Part Kayfabe, part vaporware startup, part grift, part the Producers. The guy
spent a lot of time in the rightwing griftersphere, where selling terrible
ideas to rich people is the norm. In North America this is easy; you can sell
unlimited bullshit and the chances of you, personally, experiencing any
consequences are near zero. Alex Jones ran the scam for years until he finally
crossed a line, and his attempts to claim it was all kayfabe "entertainment"
in the Sandy Hook libel case failed. This may not be true in South America.

I reckon these guys were running some sort of coup-for-hire scam. Getting paid
to talk about coup plotting, getting to go to fancy parties among the
government-in-exile. The problem came when one of the fish bit the hook and
wouldn't let go. Someone gave him a chunk of money upfront. And that someone
had narco connections (where the got the money from). And they start asking
when he's going to make this coup happen. Possibly they make credible death
threats if he doesn't.

Having made promises to organised crime, he finds himself having to ..
organise a crime. He knows it won't work, but he wants to do the minimum to
convince his backers that he tried while maximising the chances of it failing
_early_ so the coup plotters can be arrested and bailed rather than shot dead.
Hence the ineffective and toy weapons; bank robbers often use imitation
firearms to reduce their charges if caught.

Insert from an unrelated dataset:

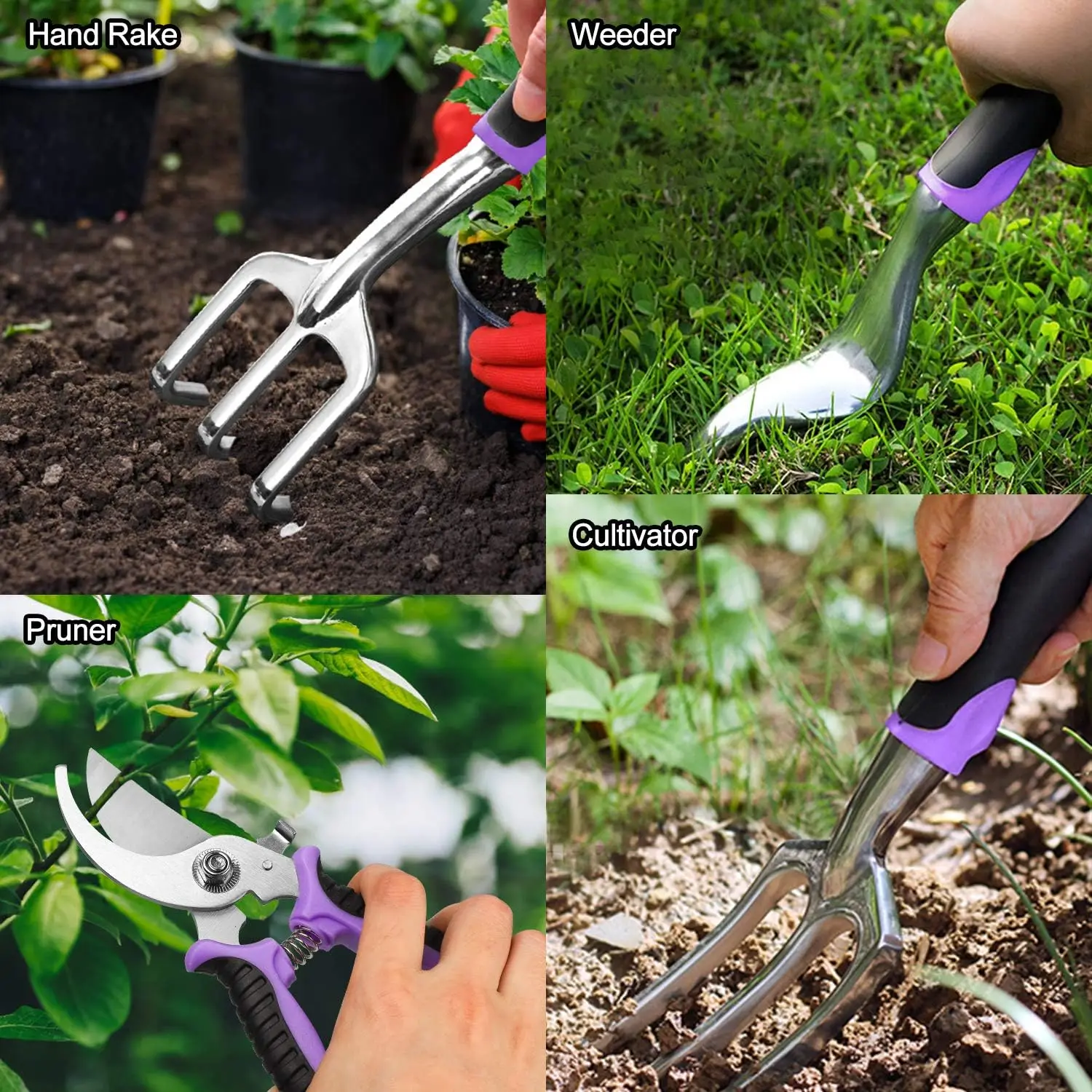 Peaktop  83pcs  heavy duty aluminium  garden tools  Storage Tote Bag, Gifts Tools for Women   garden tool  set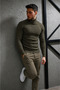Men's Slim Fit Turtleneck High-Neck Knitwear Sweater - 3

The large pile of ID is there to aid a "don't you know who I am" blag attempt
against his captors. The tweet is also part of that: getting the president to
retroactively approve his actions is a long shot, but it worked for Eddie
Gallagher.

(Getting the co-conspirators along with this is harder to explain, especially
as several of them were killed, but presumably they weren't told it was
expected to fail...)

------
PaulAJ
I dunno. People read "The Dogs of War" and think "I could do that. Hold my
beer and watch this!"

------
keeganpoppen
surreal beyond belief. well, would have been beyond belief pre-2018, or so,
but who the hell knows anymore?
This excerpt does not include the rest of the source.